Cloud storage services: the big four compared
Dropbox is arguably the archetypal cloud storage service, and one of the first services to demonstrate the potential of cloud computing to the mainstream user. Despite concerns about security, it has become a popular tool in enterprise.
End users who used it and loved it within their personal computing bought it to work, and now many companies – officially or unofficially – use it as a quick and dirty system for sharing files between multiple users, perhaps across multiple companies and locations. What’s more, with its easy sync capabilities it’s a fine means of keeping key files up to date and accessible across desktop and laptop PCs and mobile devices.
However, Dropbox has never been the only option. From the start, Microsoft took its own approach to cloud storage with its Live Mesh and SkyDrive services, and now that Microsoft has rolled Live Mesh’s synchronisation features into a Windows 8-ready SkyDrive, it’s an extremely compelling alternative.
Box.Net has been providing online storage since 2005, and now offers synchronisation in its Box for Business product, while Google Drive now incorporates online storage and synchronisation features along with integrated online office apps. All four services have advantages that might suit the way you do business.
Price: 5GB Free, 1TB for £11 per user per month
Like Dropbox, SkyDrive and Google Drive, Box.Net has a free option with 5GB of storage space, but this comes with limitations, including a 100MB limit for individual files and a lack of synchronisation features. Step up to the premium Box for Business plan, however, and it becomes a much more attractive proposition. Your company gets a generous 1TB of storage space that can be shared between three and 500 users, the 100MB limit goes up to 2GB, and the Box Sync applet enables synchronisation between a My Box Files folder across multiple PCs.

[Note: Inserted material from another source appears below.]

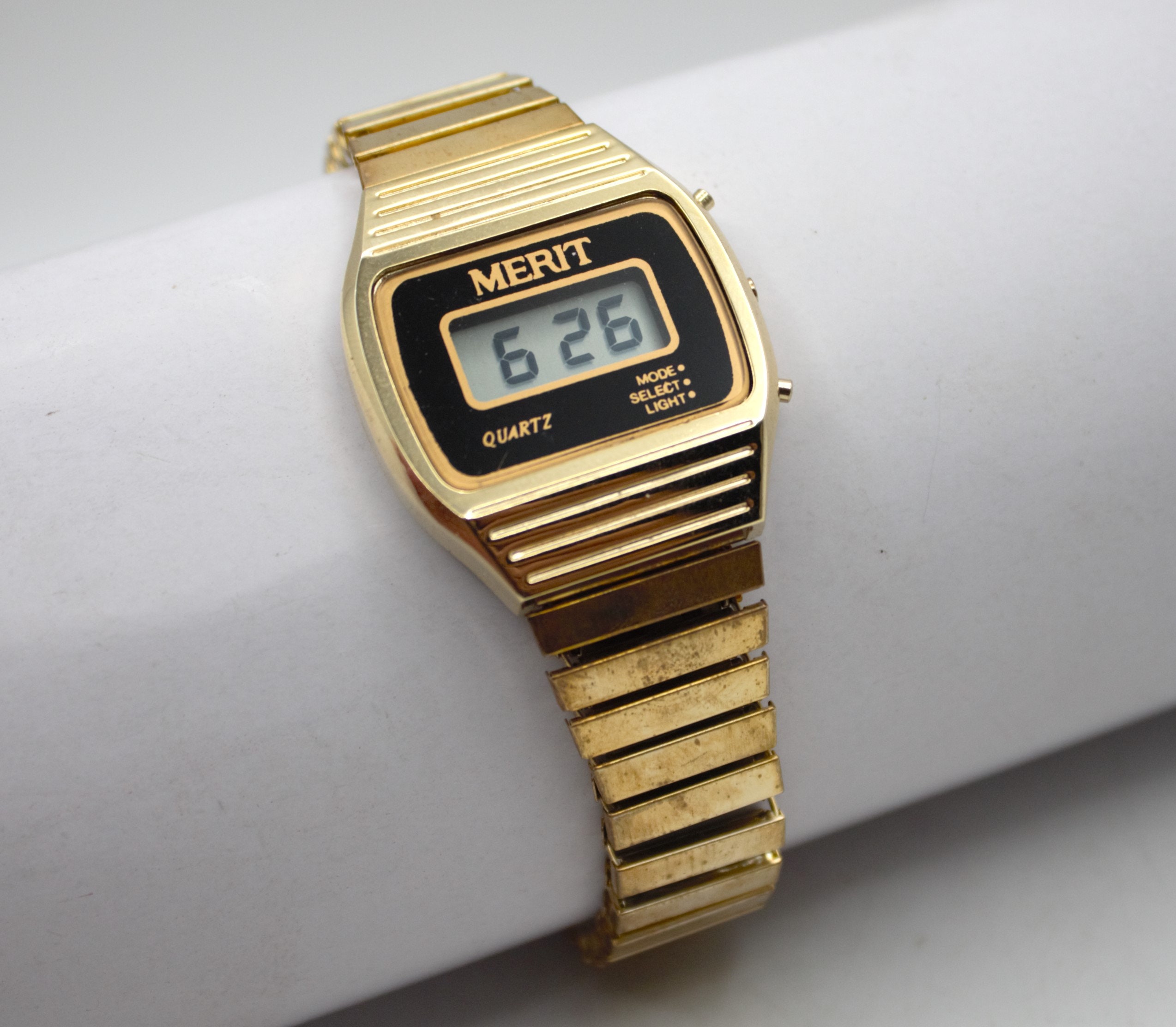 Alef Bet - Gold Quartz Gent's Watch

However, Box.net is more than a me-too product. The Business Plan comes with a comprehensive admin panel that allows you to add and remove users, assign rights to specific folders and monitor file uploads, downloads and changes. Files and folders can be shared with other Box users by inviting them to collaborate, or with non-Box users through an email link. Once you have collaborators, it’s easy for everyone to comment on files, and even assign tasks and deadlines to their colleagues. In a way, Box.net is becoming less a cloud storage service and more a cloud-based workflow tool.

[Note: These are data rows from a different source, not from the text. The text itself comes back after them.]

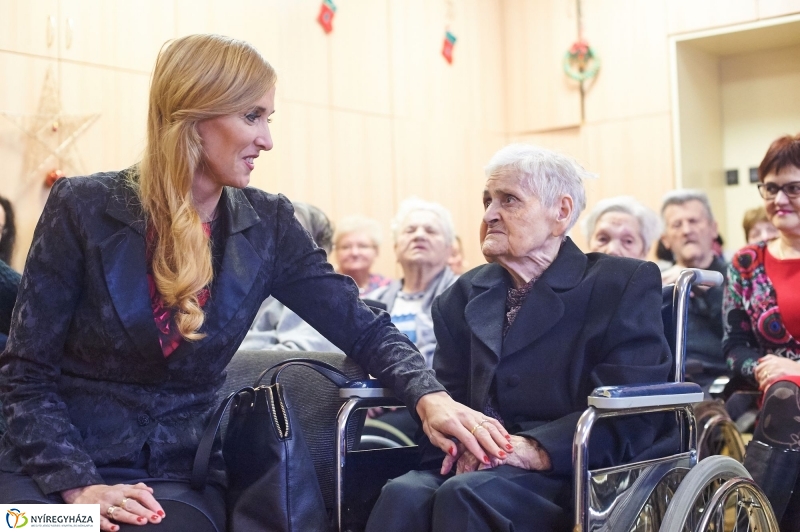 Karácsonyi ajándék időseknek  fotó Szarka Lajos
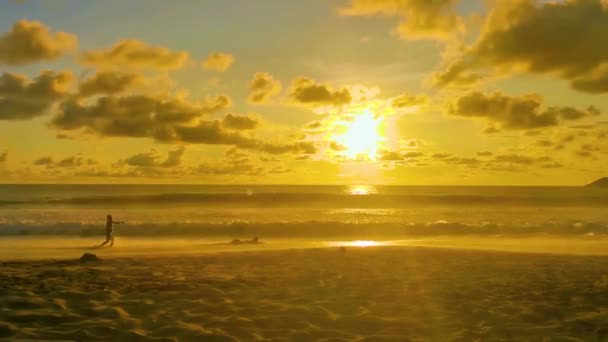 Prachtige Prachtige Kleurrijke Gouden Zonsondergang Geel Oranje Rood Het Strand — Stockvideo
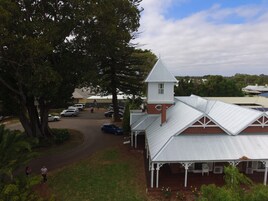 Fachada de la propiedad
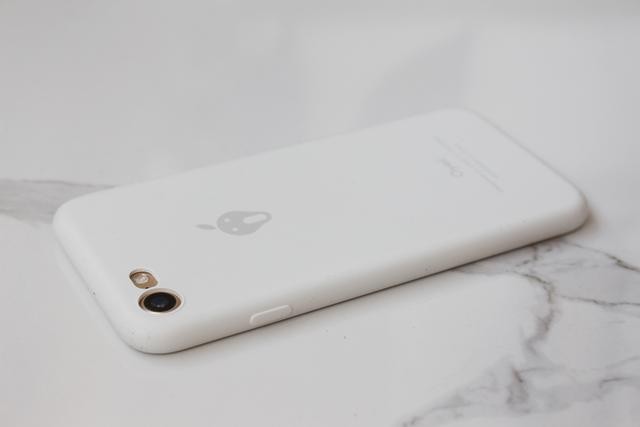 种草！这款 iPhone 液态硅胶手机壳手感不输官网 保护更周全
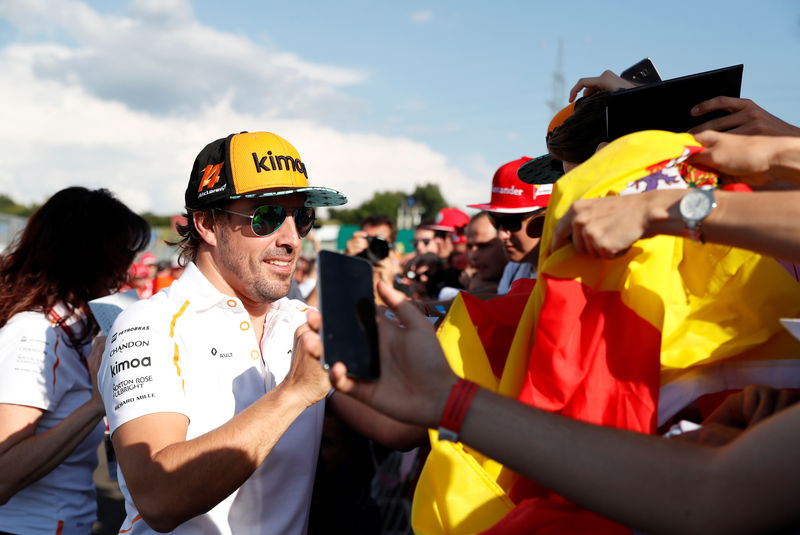© Reuters. مكلارين: الونسو سيعتزل سباقات فورمولا 1 بنهاية الموسم الجاري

Other useful features include versioning with a full version history, the ability to lock files against further versions or editing, and mobile apps for iOS, Android, Windows Phone and Blackberry, allowing you to view and comment on files while on the move. What’s more, plug-in apps mean Box can integrate with Microsoft Office or Google Apps, so that you can save files to and from Box.net from within the relevant Office suites. You won’t find the integration quite as slick as with SkyDrive and Google Drive, respectively, but at least you’re not tied into one system. Beyond this, a wide array of third-party applications can be configured to work direct with Box.net.
With the Business plan, Box.net is a strong cloud storage service. The Web-based interface is easy to use, there are plenty of security options, including SSL encrypted transfers, and – unlike rival services – files are encrypted while at rest. In our tests the sync and sharing features worked seamlessly. Speeds are also good with 511MB of files uploading within two hours and downloading to a second PC in just 18 minutes and 36 seconds. Files edited on one machine synced between the two in under 1 minute and 18 seconds.

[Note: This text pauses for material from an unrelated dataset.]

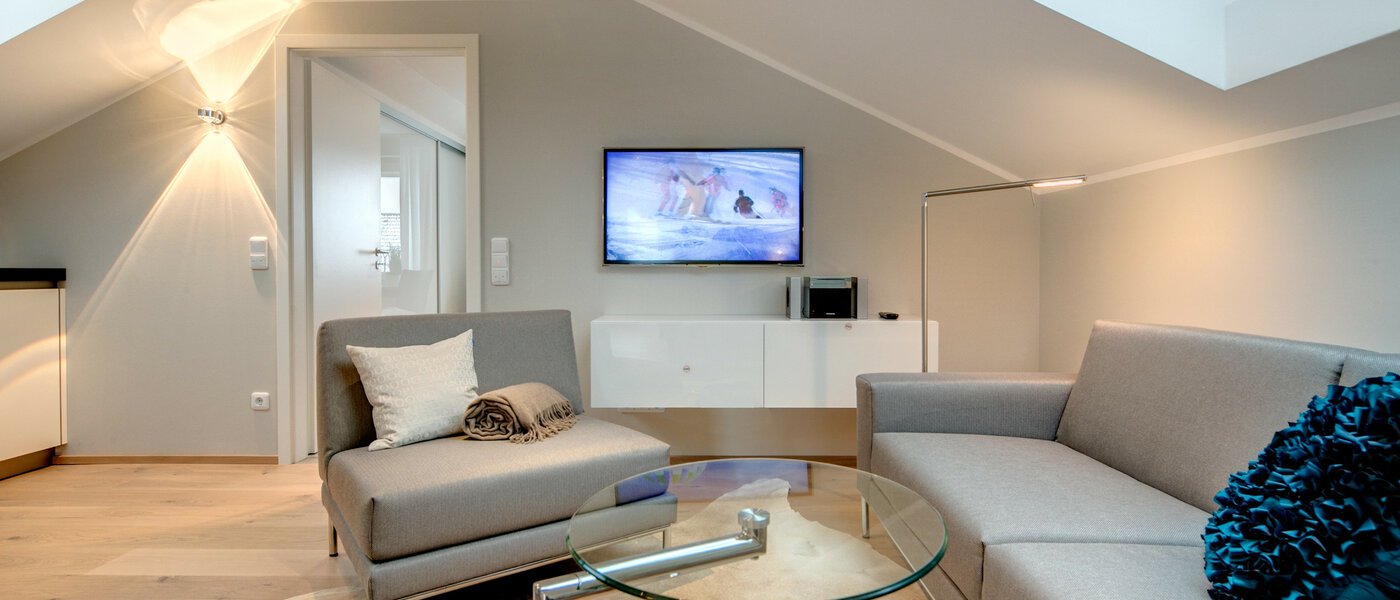 мансардная квартира München Trudering 04 гостиная 7503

The biggest issue is the price. Box.net for Business costs £11.99 per user per month, which is expensive in comparison to the Microsoft, Dropbox and Google options. The file preview features also don’t work quite as well as Microsoft or Google’s, with some Office documents refusing to display in Firefox but showing up fine in Internet Explorer. Box.net is well worth considering for its advanced administration and collaboration features, but it’s not as quick and intuitive as Dropbox or as effectively tied into Windows and Office as SkyDrive – nor as easily affordable.